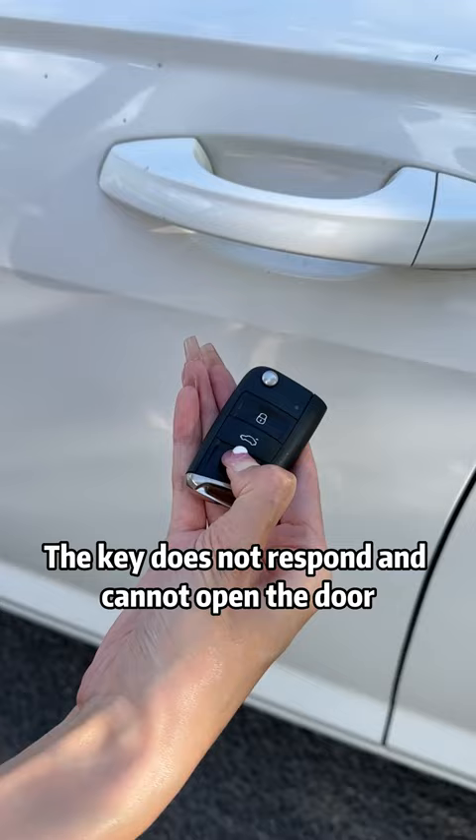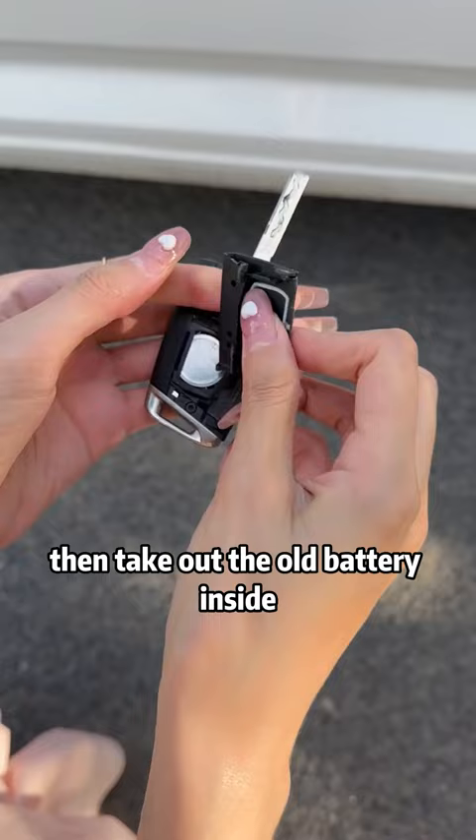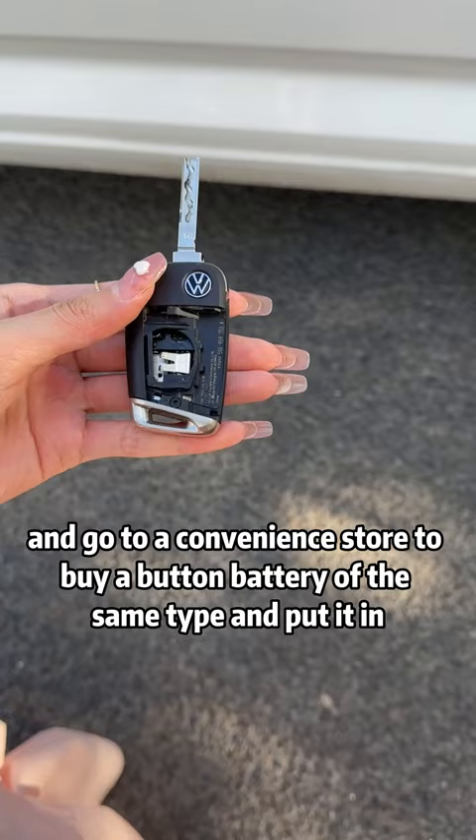The key does not respond and cannot open the door. Gently break the key along the gap to remove the cover, then take out the old battery inside. Go to a convenience store to buy a button battery of the same type and put it in. Just changed it, and the door can be opened normally.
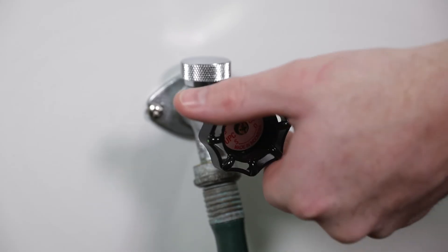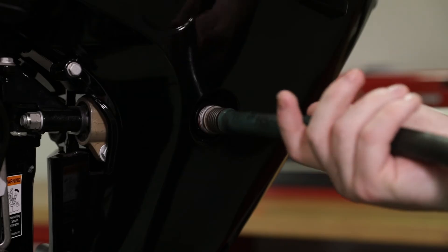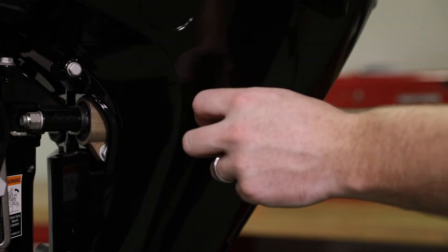Stop the engine, turn off the water, and remove the water hose. Install the plug into the fitting.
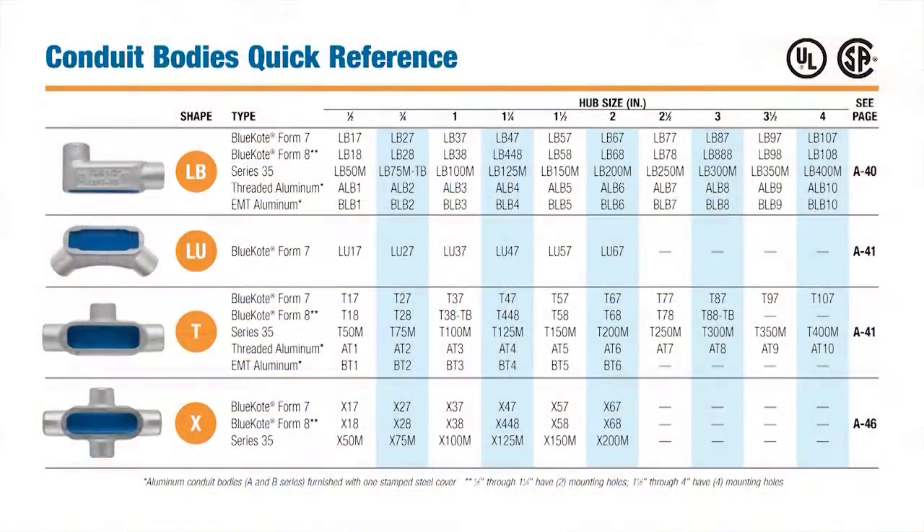Form 7 is also available in L-shaped models for a 90-degree bend in conduit runs, as well as elbow-shaped models for slider bends. T-shaped models can provide for a three-way connection with three hubs, and an X-shaped model is also available with four hubs.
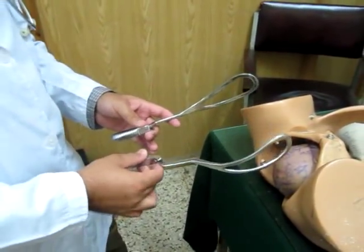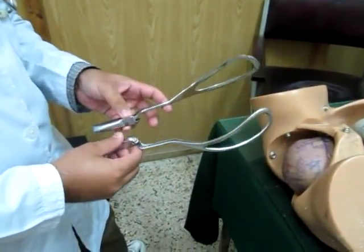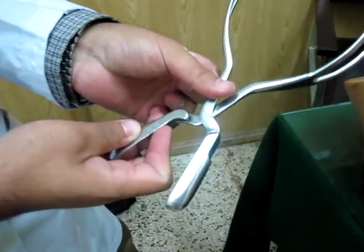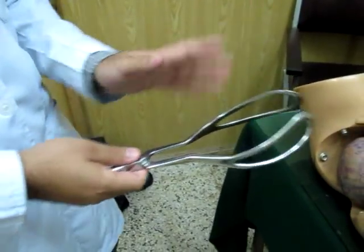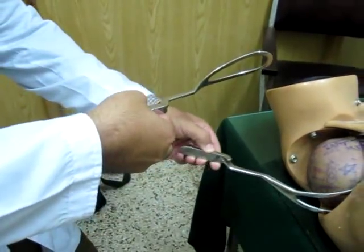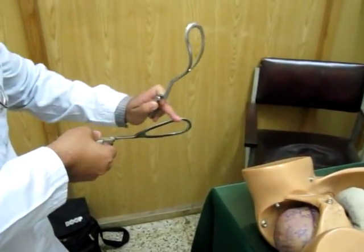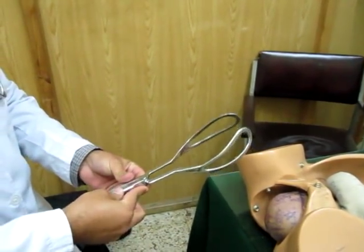Now I have the blades in different hands. When I bring them together like this, it automatically locks itself and tells me which one to insert on the left side and which one on the right. All you have to do is keep the dip above, hold them together, and lock them. This is the locking mechanism.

Task requirements:
The answer must consist solely of the lines from the first line of the data through the line containing "Stop the engine, turn", inclusive, reproduced exactly and without pictures.

Output of the exercise:
The key does not respond and cannot open the door. Gently break the key along the gap to remove the cover, then take out the old battery inside. Go to a convenience store to buy a button battery of the same type and put it in. Just changed it, and the door can be opened normally.
Stop the engine, turn off the water, and remove the water hose. Install the plug into the fitting.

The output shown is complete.